Why use these annual reports? Because they will help provide industry benchmarks that you can use to negotiate for the right resources, budget, and headcount. But they also share trends and employee communication best practices that you can learn from and adapt to your company.
When it comes to measuring employee communication performance, many internal communication channels will come with metrics. But you might also turn to technology to help automate data analysis and create data visualizations.
How Do You Choose the Right Employee Communication Tools For Your Business?
With so much choice and so much potential ROI from all these types of tools, how do you pick your suite of tools?
Whether you’re starting from scratch or trying to update your current tech stack, we recommend starting with an audit. Look at all your current employee communications tools and make a list. Include in that document:
- Who is using that tool?
- What does it cost?
- What is the adoption of that tool (especially for channels)?
- What are the benefits and disadvantages of using that tool?
- Are there better tools on the market you could replace any of your current systems with?
- What do employees say about their current tools and systems?
Based on this audit, you will likely discover areas of opportunity as well as gaps in your existing employee communication tools. From there, do your research. What new channels exist that might help close those gaps? What software might help you branch out with your content strategy to improve outcomes? And calculate an estimate of the ROI of those tools to decide which ones you need now and which ones can wait.
Best Practices for Implementing Employee Communication Tools
Implementing employee communication tools requires careful planning and execution. Here are some best practices to consider:
- Define clear goals. Clearly outline your communication goals and objectives to ensure that the selected tools align with your strategic priorities.
- Involve stakeholders. Engage key stakeholders across the organization to gather insights, gain buy-in, and address any potential concerns or challenges.
- Provide adequate training. Offer comprehensive training and resources to employees to ensure they understand how to effectively use the new tools and maximize their benefits.

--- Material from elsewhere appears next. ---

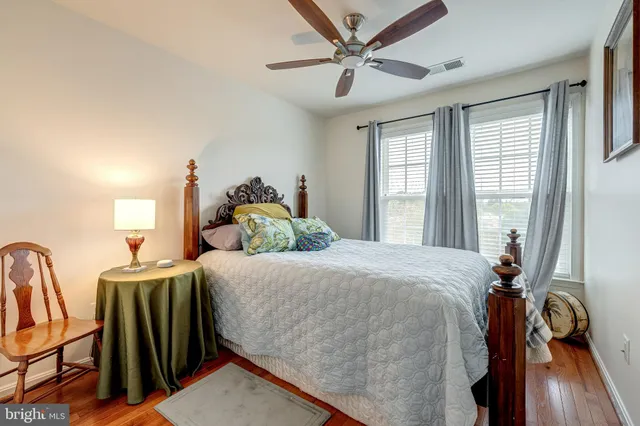 a living room with furniture a flat screen tv and a window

- Monitor and evaluate. Continuously monitor the performance and usage of the tools and gather feedback from employees to identify areas for improvement and optimize their effectiveness.
- Iterate and Adapt. As the communication landscape evolves, be open to adapting your toolset and strategies to meet the changing needs of your workforce and leverage emerging technologies.
Case Study: Ryman Hospitality and theEMPLOYEEapp
An organization that has successfully leveraged employee communication tools is Ryman Hospitality Properties. In December 2022, Ryman launched theEMPLOYEEapp platform to enhance their communication with their distributed workforce.
Hannah Vincent, Ryman’s Corporate Communications Associate, explains, “An employee app gives us the opportunity to share updates every day or multiple times a day without flooding inboxes. And it gives employees a place to see what is happening across our brands in a timely manner.”
Why Use theEMPLOYEEapp For Employee Comms
theEMPLOYEEapp is an employee communication tool that can grow with your organization. Our platform comes with both a mobile internal communication app and an employee intranet, so you can reach your audience wherever they work. Competitively priced and designed with the internal communicator in mind, theEMPLOYEEapp is a solution that provides immediate ROI.
By incorporating these additional sections, the blog provides a more comprehensive overview of employee communication tools, including best practices and a real-world case study to demonstrate the effectiveness of using tools like theEMPLOYEEapp.